I believe all students can achieve, and I welcome the opportunity to provide students with the support they need in doing so. I have had the wonderful opportunity to serve as an educator for over twenty years, and I look forward to sharing my experiences and knowledge with students who are at various levels in their learning. For me, teaching and learning is a dual investment for teacher and student. I pride myself on creating optimal learning opportunities in which students can maximize their strengths, while simultaneously being empowered to take on and overcome instructional challenges. Building relationships and meeting students where they are in the learning process is integral in working with students. The work has to be seen as a partnership, where students are encouraged to invest in their learning by taking ownership of the process, all the while receiving feedback and support from the teacher who should serve as thought partner, pushing thinking and shepherding students to dig deeper in order to uncover their true potential.
Education & Certification
Undergraduate Degree: Stony Brook University - Bachelors, English
Graduate Degree: Teachers College at Columbia University - Masters, Politics and Education
Reading, Cooking, Spending Time with Family
What is your teaching philosophy?
I believe all students can achieve no matter where they are academically. The success of the teacher lies in his/her ability to meet students where they are and take them to where they need to be. It's about building relationships that allow a teacher to truly know her students in order to create learning opportunities that maximize their strengths while moving them through challenges. Teaching and learning is a constant, ever-evolving relationship of ideas, discovery, and knowledge that is engaged in by both the student and the teacher.
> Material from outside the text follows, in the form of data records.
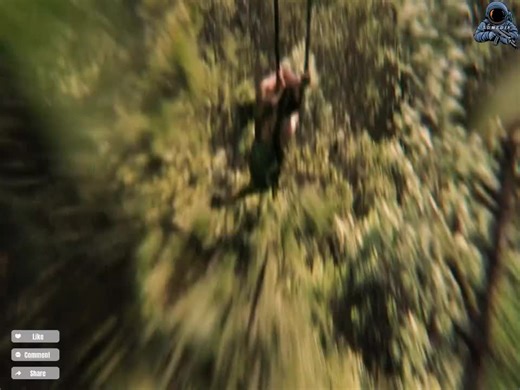 Bollywood's Best Scene Moments You Can't Miss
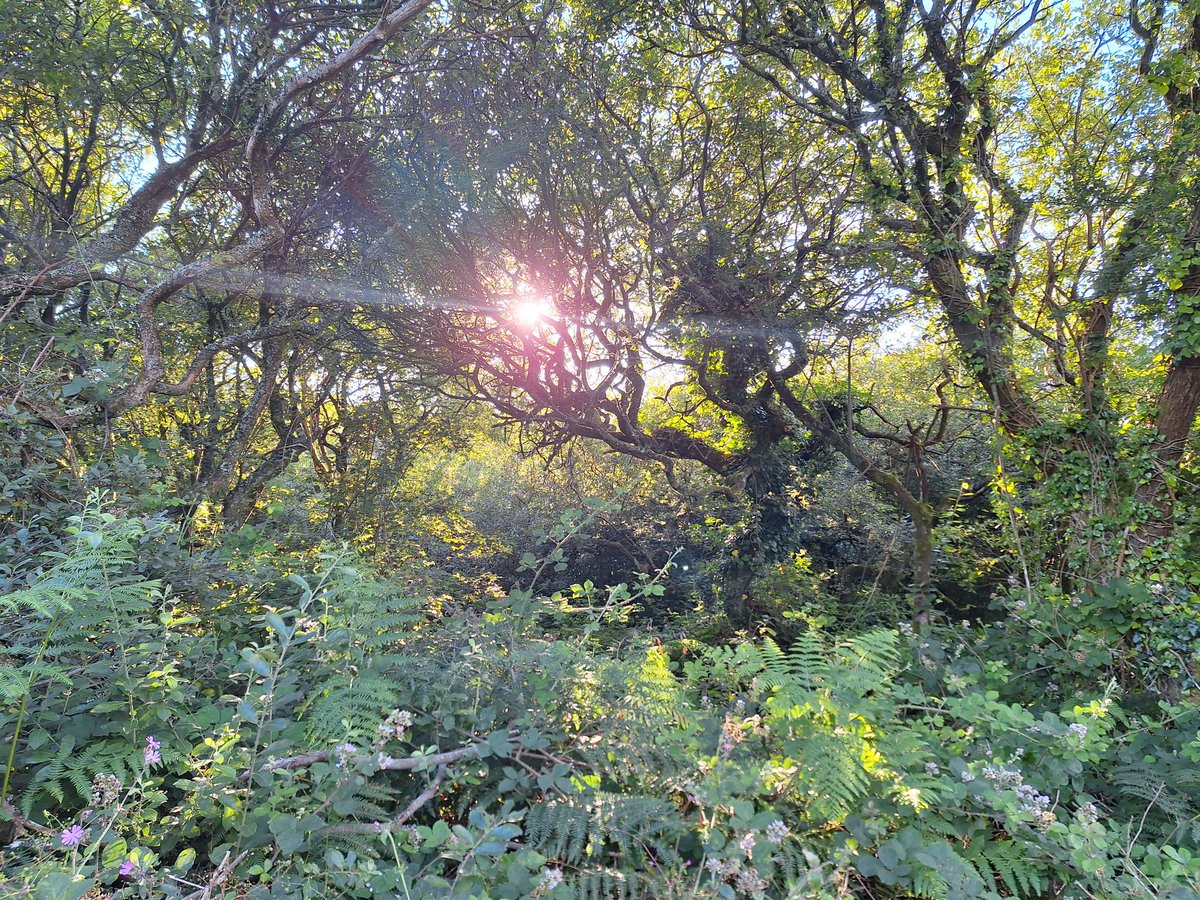 TimBirchWild's tweet image. This is what 10% #wildlife habitat on farmland in Wales looks like. Fantastic habitat behind coast in Pembrokeshire. Wider taller hedges, willow scrub, messy wilder scrubby habitat weaving across livestock fields. The Sustainable Farming Scheme must support farmers to do this.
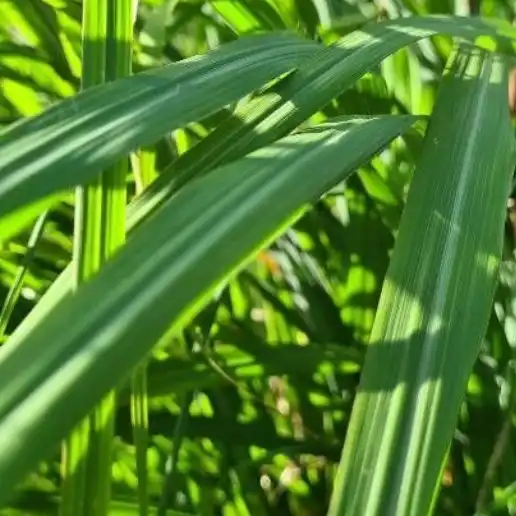 Изображение Цимбопогон Нард   - Cymbopogon Nardus 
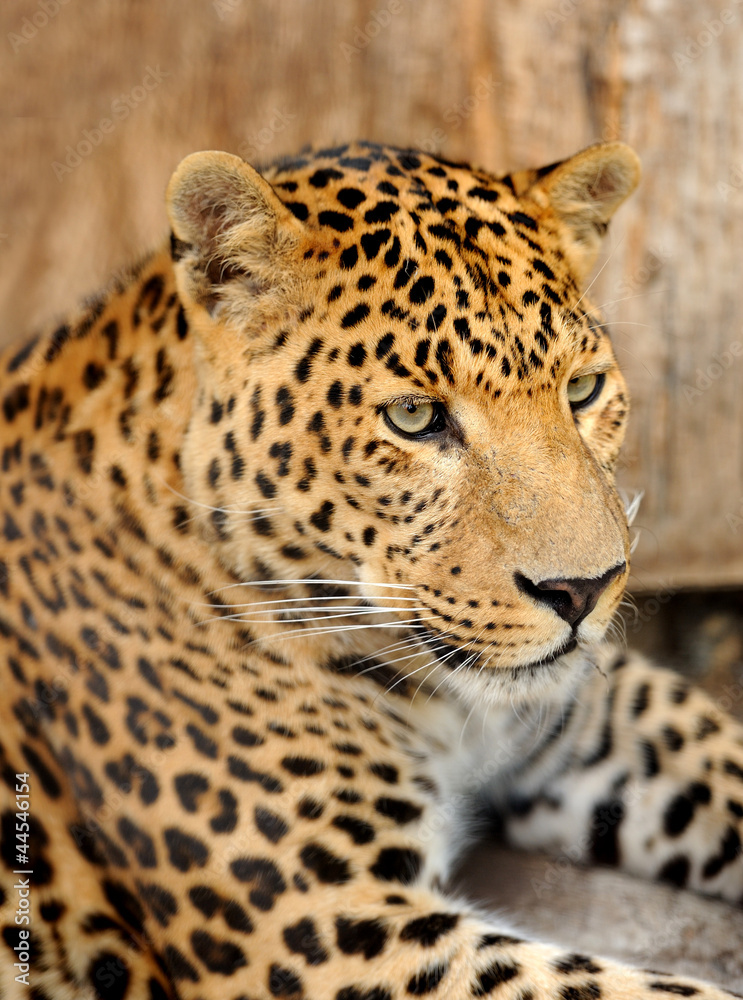 Obraz premium Lampart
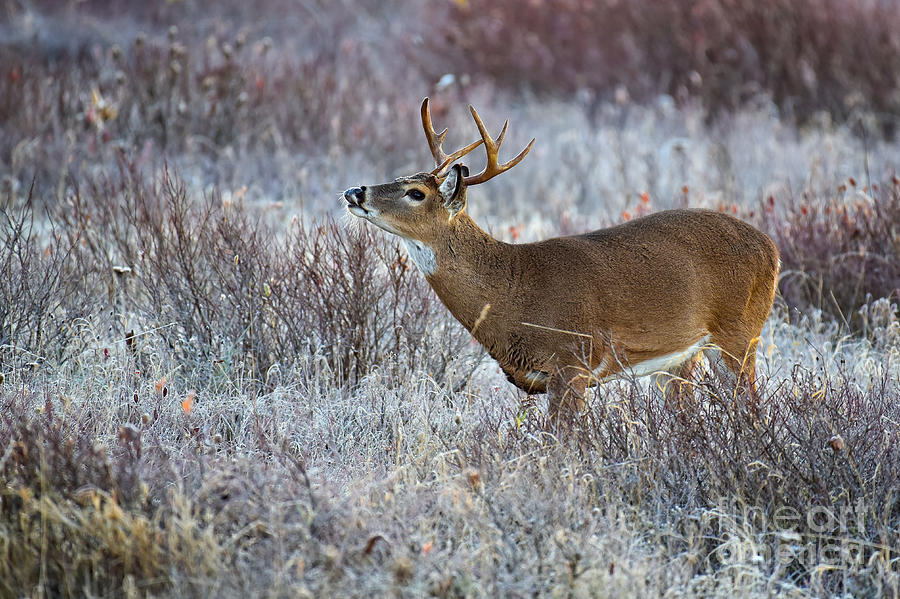 Buck At Big Meadows 9532c Photograph By Cynthia Staley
What might you do in a typical first session with a student?
Building relationships is important to understanding student need and how to fulfill that need. First sessions should be inquiry-based so that I can find out how best to support my student. Once we've uncovered the need, we can begin to action plan around how best to address the area(s) of focus.
How can you help a student become an independent learner?
Student ownership of their learning is an integral aspect of students becoming independent learners. I take a back seat and allow students to struggle through their learning process with guided support. That support looks like asking questions to help students think critically about what they're working on to come to conclusions on their own. It also entails providing students with formative feedback that allows them to know specifically where their strengths and areas of improvement are. If students know specifically what they need to work on to improve, they are able to formulate a plan on how to address those areas. This essentially leads to them becoming independent and gaining ownership of their learning.
How would you help a student stay motivated?
Celebrating student achievement is how I would help a student stay motivated. Every accomplishment, whether small or great should be acknowledged, even if a student has a long way to go. Celebrating those milestones or stepping-stones provides students with a sense of pride and knowing that someone is watching and cares. After all, the old adage says, "you get more with honey!"
If a student has difficulty learning a skill or concept, what would you do?
I would investigate the problem. Figure out what specifically is the problem and together with the student work through what we can do to address it. It's my job as a teacher/tutor to know my students and to develop learning plans that meet their specific needs.
How do you help students who are struggling with reading comprehension?
I think it's imperative to go back to the basics. Whether that is using annotations, graphic organizers, visual aids and/or basic comprehension questions, I believe in using strategies that are going to get students to the root of understanding what they read.